Ketamine, initially developed as an anesthetic and analgesic, displays a wide range of pharmacological properties, including dissociative, hallucinogenic, and stimulatory effects [1,2]. Designed as a safer alternative to phencyclidine, ketamine has become a valuable tool in medical practice due to its unique pharmacodynamic profile.

Since the early 2000s, ketamine has gained increasing attention for its rapid antidepressant effects, particularly in cases of treatment-resistant depression, where conventional antidepressants fail to produce adequate responses in up to 30% of patients [3,4,5]. Unlike traditional therapies, which may take weeks to exert clinical effects, ketamine can alleviate depressive symptoms within hours [6]. In addition to psychiatry, ketamine has shown efficacy in pain management, especially for chronic and neuropathic pain conditions such as complex regional pain syndrome type I [7,8,9].

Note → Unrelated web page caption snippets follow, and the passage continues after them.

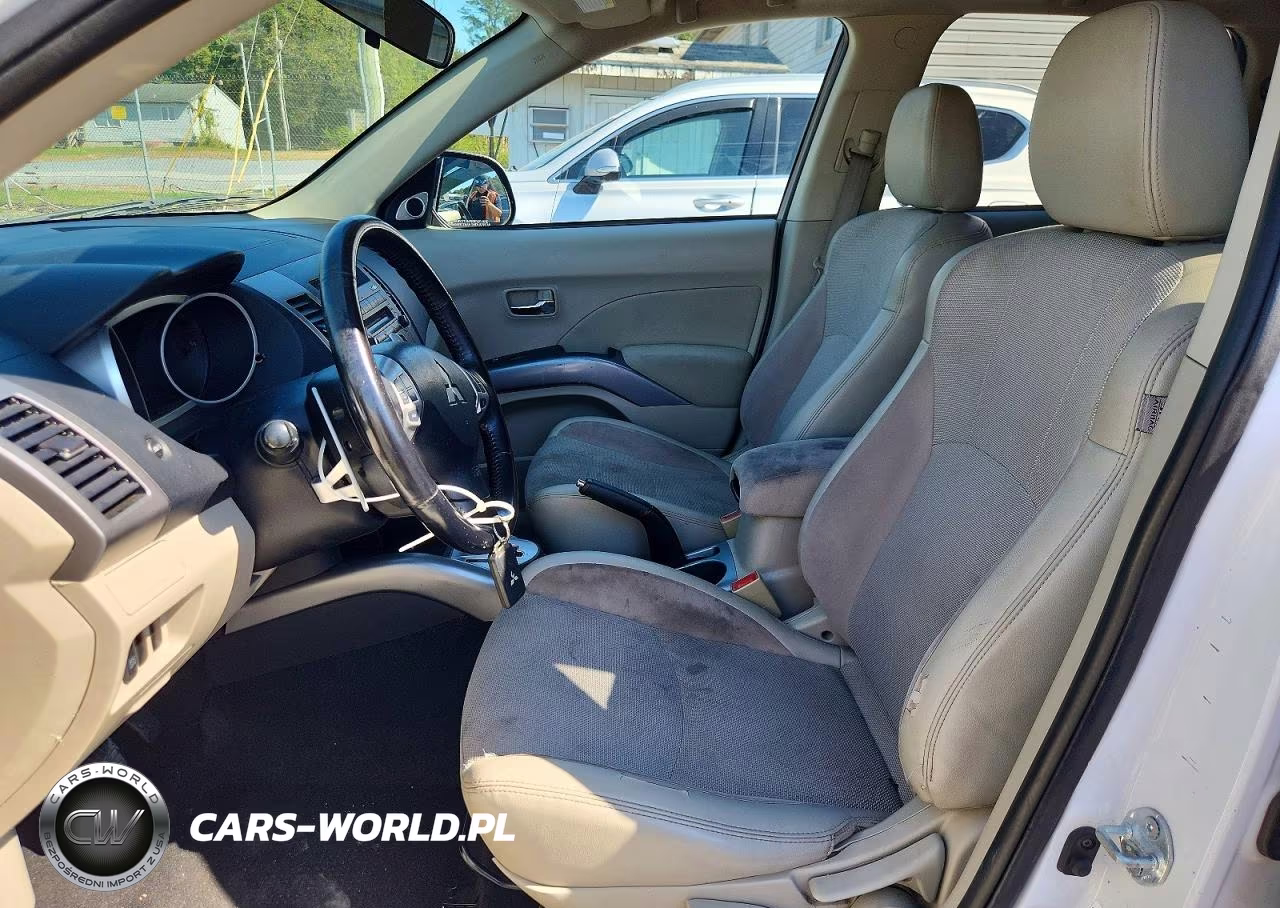 2009 Mitsubishi Outlander Se VIN:JA4MT31WX9Z007201 - 7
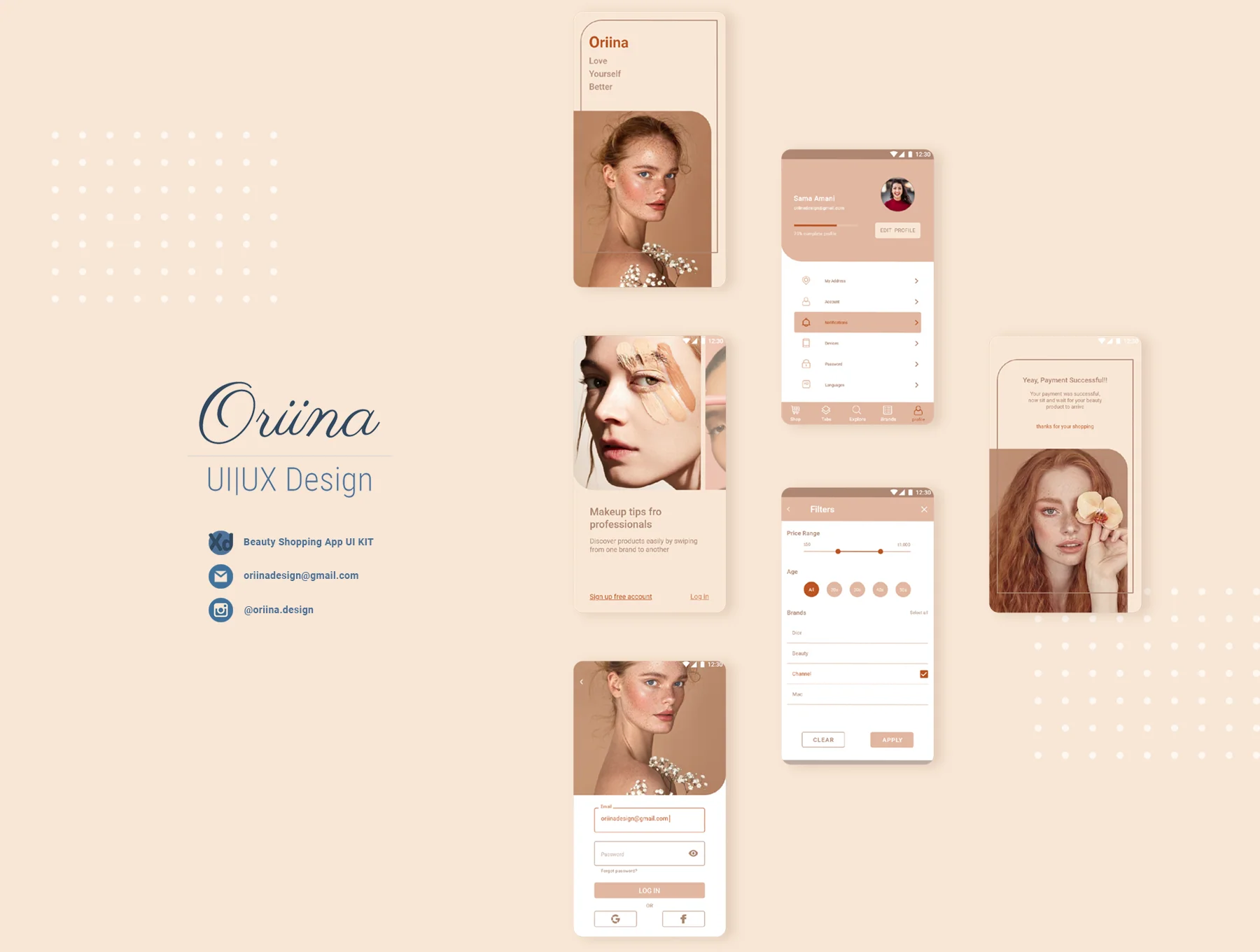 begoody Ui kit 6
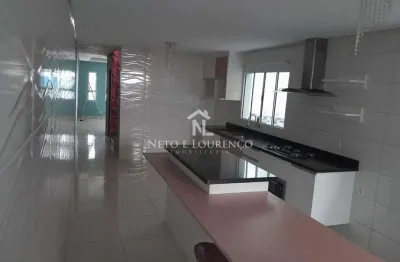 Sobrado com 3 dormitórios e quintal – jardim itália, várzea paulista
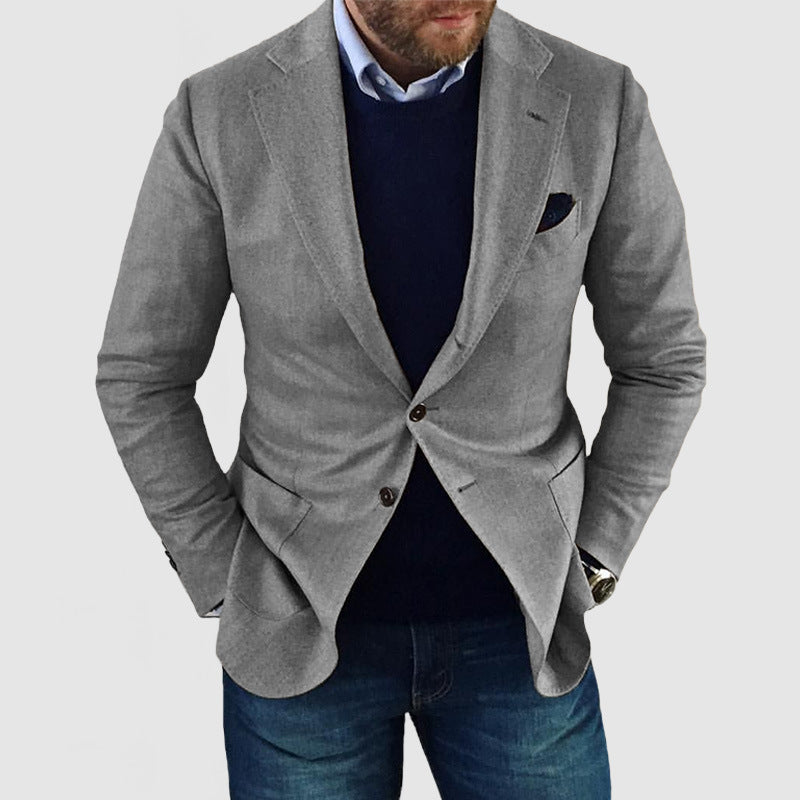 Men's Plus Size Suit Coat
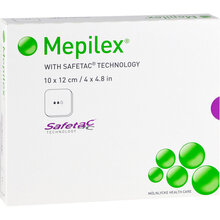 MEPILEX 10x12 cm Schaumverband 5 St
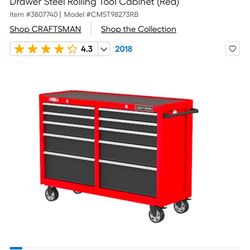 Craftsman Rolling Tool Cabinet 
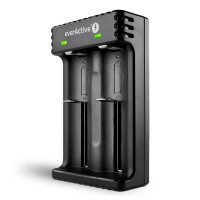 батерии,everactive,lc200,batteries,charger,silver,(black)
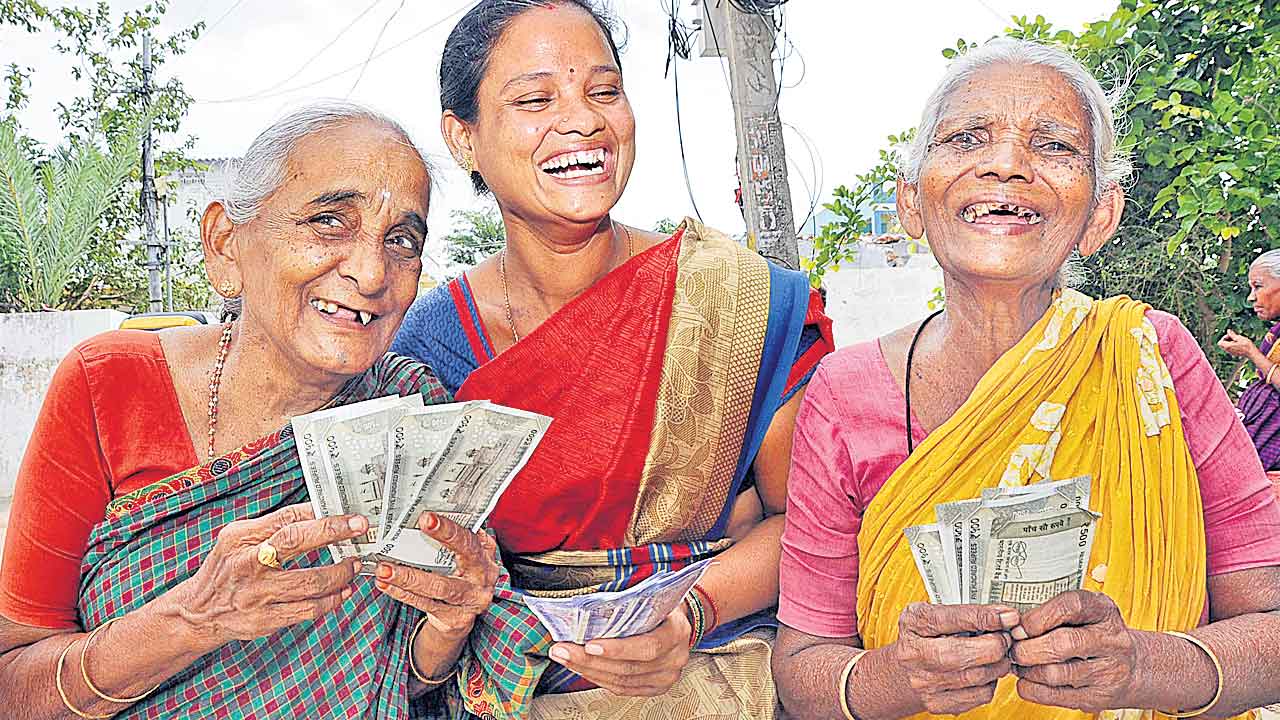 సంక్షేమ రాజ్య సంధాత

However, despite its therapeutic promise, ketamine use—especially when prolonged—raises concerns regarding cardiovascular safety. Common side effects include increased blood pressure and heart rate, palpitations, arrhythmias, and hemodynamic instability [10,11]. Evidence suggests that these effects may be mediated by oxidative stress in cardiac tissue, with chronic exposure exacerbating such outcomes and increasing the risk of cardiotoxicity [12].

The long-term cardiovascular effects of ketamine remain poorly understood, particularly regarding autonomic regulation. Some studies report heightened sympathetic activity, electrical disturbances, and cardiomyocyte apoptosis following repeated exposure [13]. Although pharmacological agents have been proposed to mitigate these effects, alternative strategies such as aerobic exercise may offer safer, non-pharmacological protection. In this context, a recent systematic review by Gullett et al. [14] emphasized the role of parasympathetic regulation—measured via heart rate variability (HRV)—as a marker of emotional and physiological resilience and highlighted the potential of non-pharmacological interventions to restore autonomic balance and reduce vulnerability to stress-related disorders.

Aerobic exercise is well established as a non-pharmacological intervention that improves cardiovascular health. It reduces blood pressure, enhances baroreflex sensitivity, and improves autonomic balance by reducing sympathetic and increasing parasympathetic modulation [15,16]. These adaptations raise the hypothesis that exercise may buffer the adverse cardiovascular effects of chronic ketamine use.

Despite emerging data on ketamine’s acute cardiovascular effects, few studies have systematically evaluated the impact of chronic ketamine exposure on baroreflex sensitivity and heart rate variability—key markers of autonomic function and predictors of cardiovascular risk. The existing literature has largely focused on structural or electrophysiological outcomes, with limited emphasis on dynamic neural regulation. Moreover, the potential of aerobic exercise training to counteract such autonomic impairments in chronic ketamine models remains underexplored. This study addresses this gap by investigating whether aerobic exercise can prevent or reverse ketamine-induced impairments in cardiovascular autonomic regulation, as assessed through baroreflex sensitivity, spectral HRV indices, and pressure variability in conscious animals. By clarifying these interactions, our findings aim to expand the current understanding of non-pharmacological strategies for mitigating ketamine-related cardiotoxicity.

2. Materials and Methods

2.1. Animals and Experimental Design

Twenty-four male Wistar rats (12 weeks old), with no signs of illness prior to the experiment, were used in this study. Rats were sourced from the institutional animal facility, were specific-pathogen-free, and had no prior experimental manipulation. Inclusion criteria included male Wistar rats aged 12 weeks and in healthy condition; no a priori exclusion criteria were defined. All 24 animals enrolled in the study completed the experimental protocol, and no animals or data points were excluded from the analysis. Each experimental group consisted of six animals (n = 6).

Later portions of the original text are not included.